The Dream Virgin
Page 21
Leon took out a syringe and stuck it in Vladimir’s neck.
The killer jumped at the prick, turned around to Leon, desperate to understand why this was happening to him.
“Who are you, mate? Why you doing this?”
Vladimir knew it was about more than money.
Leon told Vladimir the sodium thiopental was a pleasant high, to sit back and enjoy it while Leon asked some questions and explained briefly to Vladimir that he was to answer them with just a yes or a no, unless Leon asked for more.
Then Leon took a weathered front-page newspaper clipping from his jacket, unfolded it, and held it in front of Vladimir.
The heading read: Prominent Portland Tycoon and Philanthropist Murdered on Hawaiian Beach.
Under the heading there was a photo of a man’s body on a beach with police markers surrounding it.

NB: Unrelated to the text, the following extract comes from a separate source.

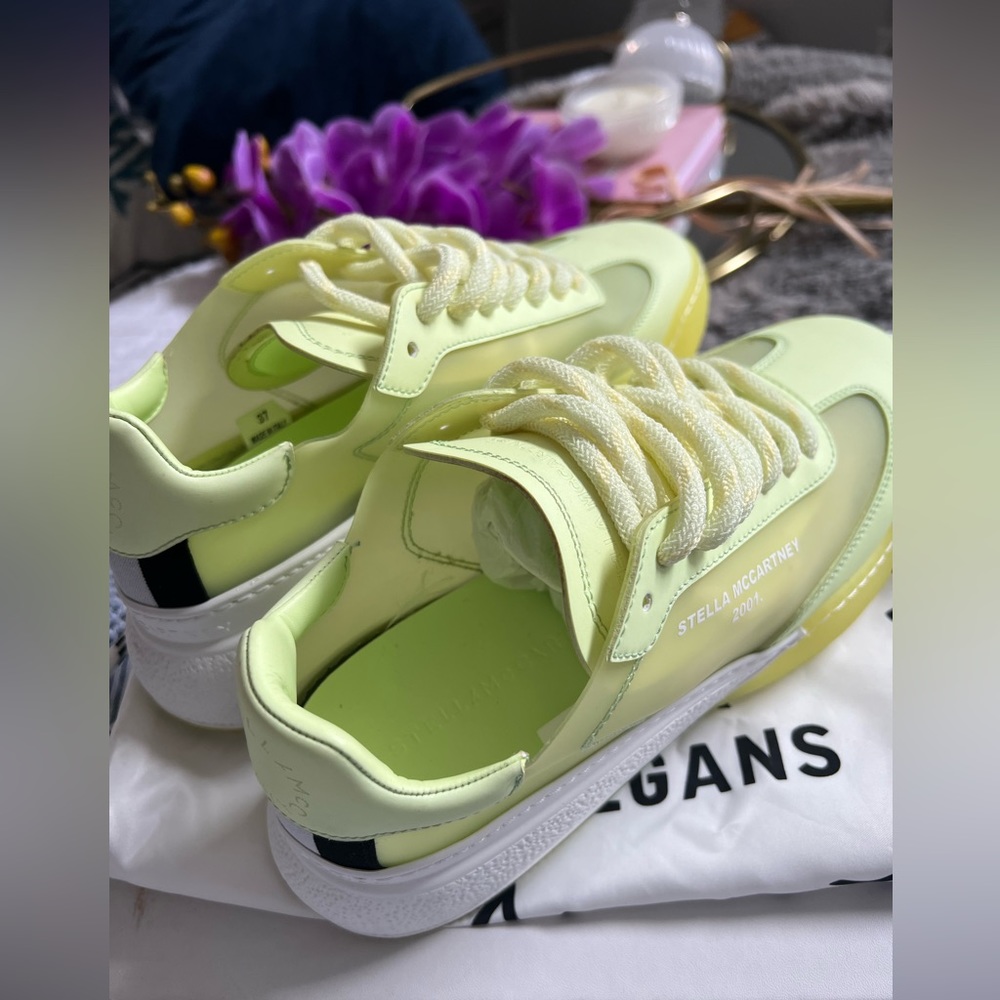 STELLA MCCARTNEY NEON LOOP LOW TOP SNEAKERS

Under the photo the article gave details.
Leon’s memory flashed.
Being on the lake with Harry fishing for Kokanee and hooking a mackinaw when his cell rang, a photo of his dad’s face laughing at life, but the call wasn’t from his dad; it was a cop with bad news. Landing the Cessna in Princeville, the Hanalei Bay so beautiful at sunset and feeling numb, lost. Confirming his dad’s groin-riddled body that had been moved from the beach into his suite at the St. Regis Resort. Screaming and pounding the bed, oblivious to cops and medics and hotel staff, but feeling the flush of hate fill his heart.

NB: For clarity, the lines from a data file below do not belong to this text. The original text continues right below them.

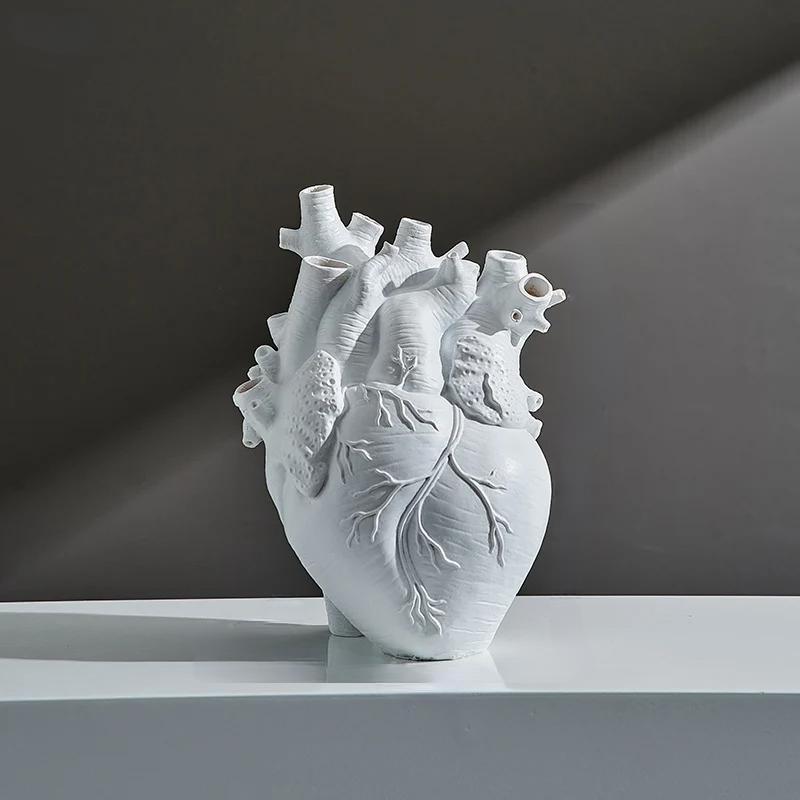 Heart-Shaped Resin Vase – Nordic-Inspired Flower Arrangement Container for Fresh or Dried Blooms, Perfect Home Décor Accent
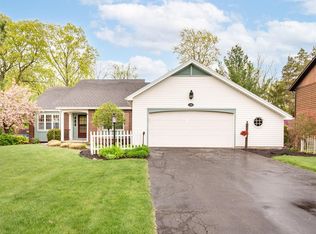 390 Red Apple Ln, Rochester, NY 14612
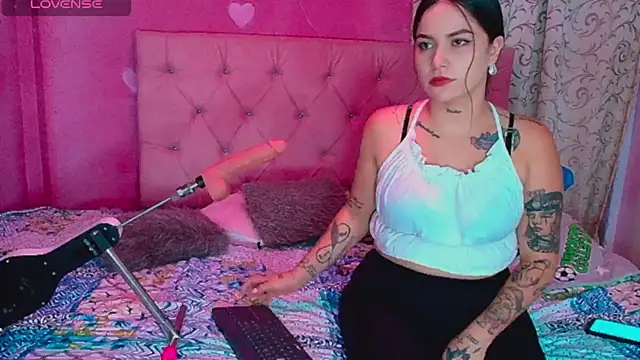 Lali HOtt online show from October 10, 2025, 6:40 pm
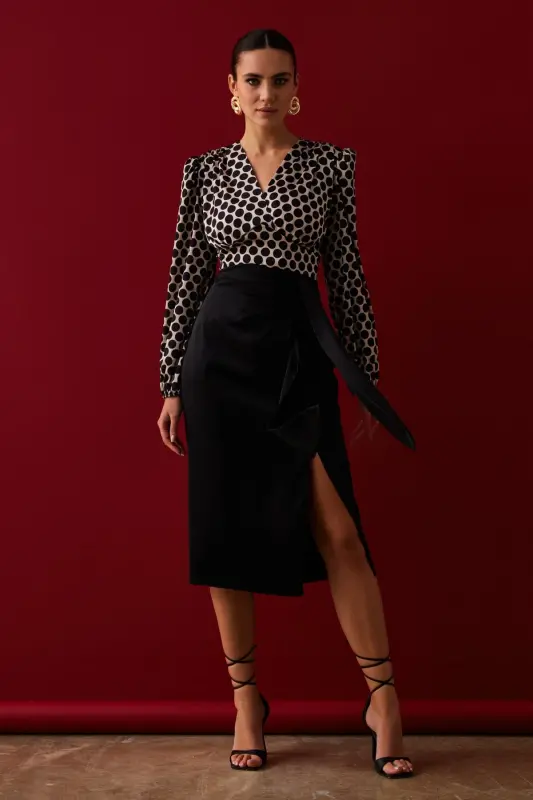 Yirtiq Satin Yubka - Qora - SATEEN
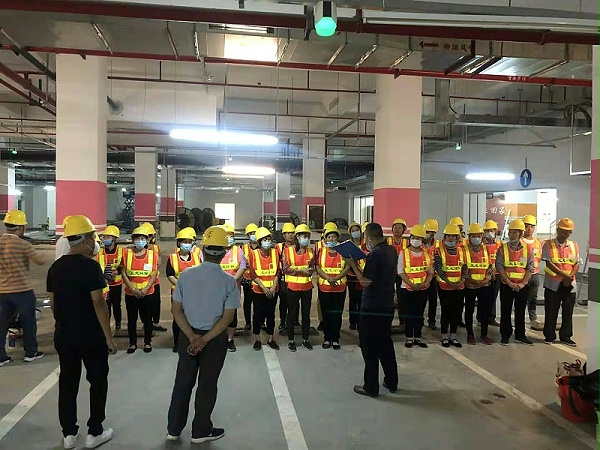 02深圳宝安万达广场开荒-沐鸣娱乐环保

Leon put the clipping back in his pocket.
No. Vladimir didn’t know Robert Bickford.
Yes. Vladimir shot the mark in his groin on that beach after breakfast. Groin shots were his signature. “Want your mark to catch a lethal dose of clap, you hire VD.”
Vladimir giggled.
Leon smashed him in mouth with his gun, reminded the hitman, just Yes or No.
No. Vladimir didn’t know who hired him.
Yes. It was a normal-sized-looking man with a mustache.

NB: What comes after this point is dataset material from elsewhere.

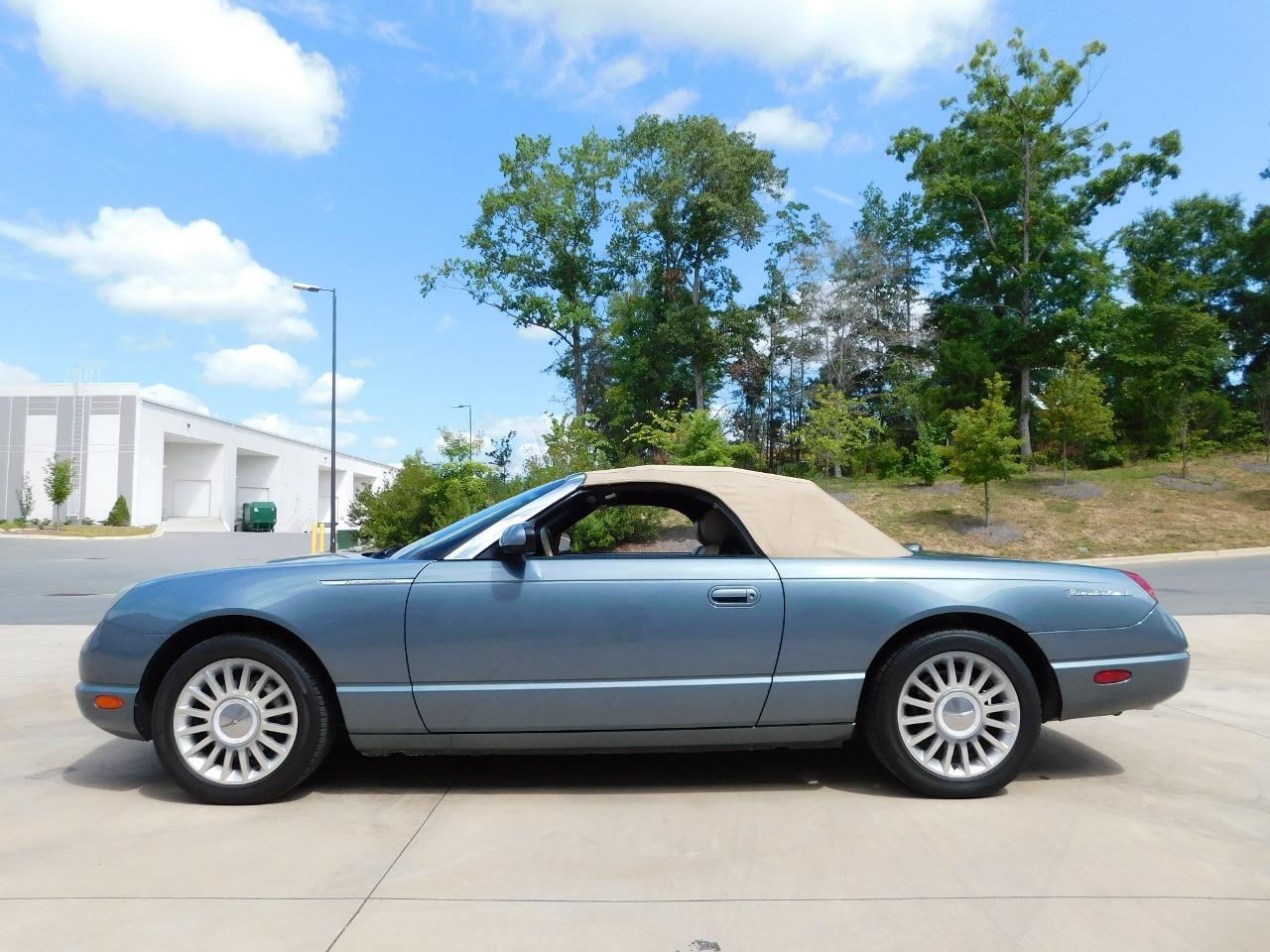 2005 Ford Thunderbird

Yes. It was at The Beach Bar in Honolulu.
A few minutes more of Yes and No, with no details worth believing beyond what was already known, Leon got tired of Vladimir’s giggles.
Truth serum seldom worked on a professional liar, but it did confirm for Leon that Vladimir was the hitman. That the millions Leon spent on informants and investigators the past nine years finally paid off. He still had to find out who had hired Vladimir, but a message would be sent and hopefully cause some rumbling; stir things up.
It didn’t matter how much Leon still needed to spend or how long it took, he would find the person who ordered the murder of his father.
Vladimir looked at Leon, knew without asking, and said, “The guy I did was close to you, huh?”
Leon nodded, told Vladimir to lie down on the plastic-covered floor next to his dead associates, stretch out like he was taking a nap and close his eyes. Vladimir did like Leon requested, giggled and said he didn’t want to die, he liked Angie’s Irish stew.
There were only three bullets left in the 10-cartridge 9mm clip when Leon shot Vladimir. He reloaded the P30 and emptied the full clip until Vladimir stopped screaming, his groin a raw meatloaf.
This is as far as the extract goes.